Erster Zitronenfalter im Garten. Alle Fenster geöffnet. Brise wie am Sommerabend. Bloß nicht übermütig werden! Morgen hat mein Vater Geburtstag (75).

La femme de Djin

Bei Indern und Japanern schaut ergrautes Haupthaar schlicht am besten aus. Bei indischen Frauen wirkt es dann manchmal wie Marmor.

Und obwohl es in der Nacht zuvor noch Nebel gehabt hatte wie einst in den Verfilmungen von Edgar Wallace (Die Toten Augen von London), erwachten wir bei erwartungsvoll geöffneten Fenstern zum Konzert der Vögel grande.

Dann den sonnigen Tag im Bett verbringen zu dürfen: Luxus. Eis aus der Schale, gekühlte Getränke — der Winter ist ausgetrieben und kehrt nimmermehr zurück. Später dann zusammen Call me by Your Name anschauen, und währenddessen eine maximale Anzahl weicher Eier an den genau richtigen Stellen verspeisen zu können — geht es noch besser?

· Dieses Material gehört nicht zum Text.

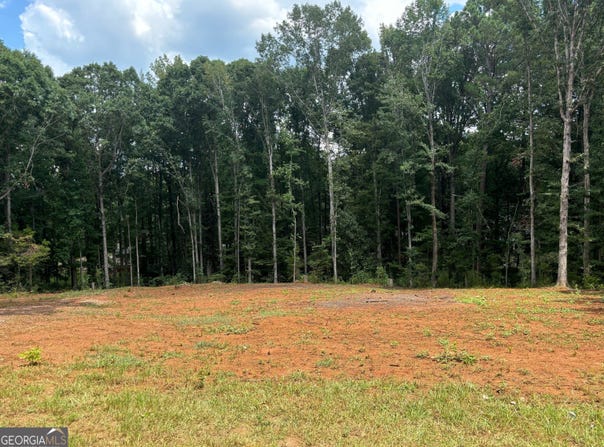 115 Hillside, Thomaston, GA 30292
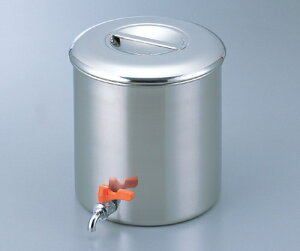 ێRXeX ֌t|bg(SUS304) 18^ 1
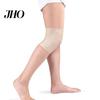 Knee Stabilizer Brace Support Men Women Compression Sleeve Wrap Arthritis Pain Patellar Tendon Strap Meniscus Tear Injury Recovery Running Workout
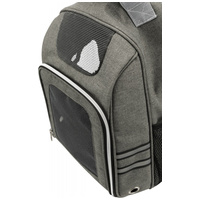 Trixie Dan kutyaszállító hátizsák #11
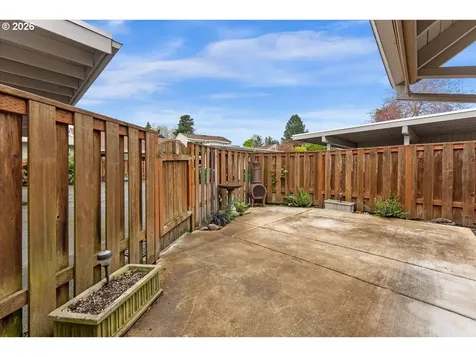 4880 SW Wembley Place Beaverton OR 97005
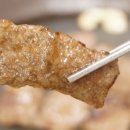 싱싱식육식당 이미지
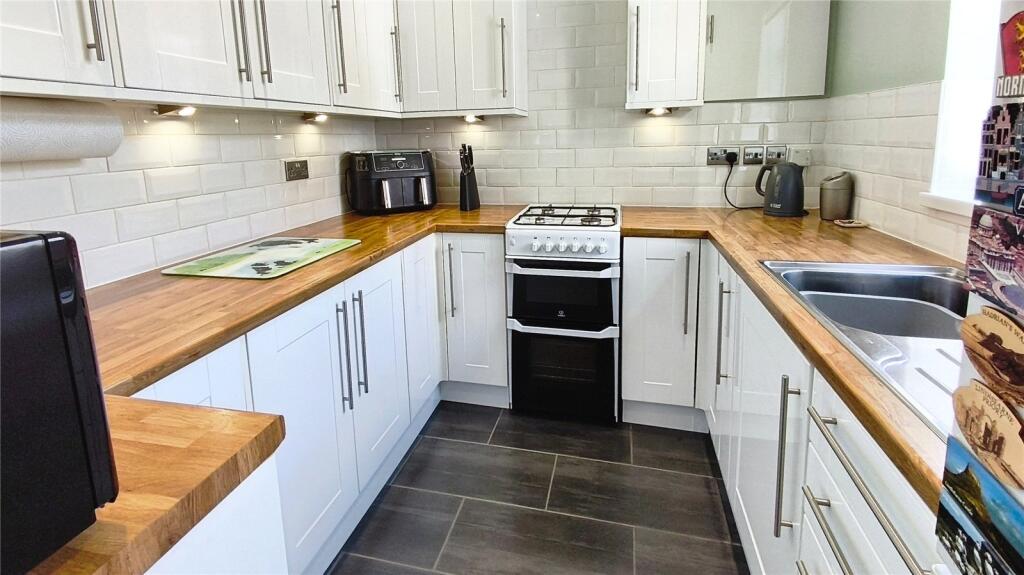 Additional image 4 of Bells Lane, Birmingham, West Midlands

Na klar. Es geht ja immer noch immer noch besser. Beispielsweise dann Einigkeit zu erlangen, dass es der greisenhafte Darsteller des Greises ist, der uns als wahrer Star erscheint. Wie er den atmenden Fisch überbringt. Auch weil wir uns dann die Vorgeschichte seines Castings ausmalen können. Wie er das Fahrrad als repariert melden darf (und dabei werden drei Dosen aus Aluminium von Illy ins Bild gerückt, die es meiner Ansicht nach in jener Form in den achtziger Jahren auch in Italien noch nicht gegeben hatte, woraufhin sich ein Diskurs entspinnen kann, wie wir beide sind); später, er tritt dreimal auf, klassischerweise, zeigt man ihn ausruhenderweise im Grase. Und es geht über das eigene Ableben, den Tod.

Ansonsten ein sehr guter Film (Die Pfirsichszene!!!)

Dann heute aufgewacht bei dröhnendem Regen. Aber dieser eine Tag bei Sonnenschein und Wärme war ein Geschenk. Ausflug ins Araberviertel entlang der Huttenstraße. Die Greise diskutieren den Tatort: »Im Koma kriegst Du kein Wunschmenü.«

Wenig bis kaum beachtet: passiv rauchen müssende Hunde.

Wenn ich von Friederike besucht werde, halte ich es in Berlin ganz gut aus.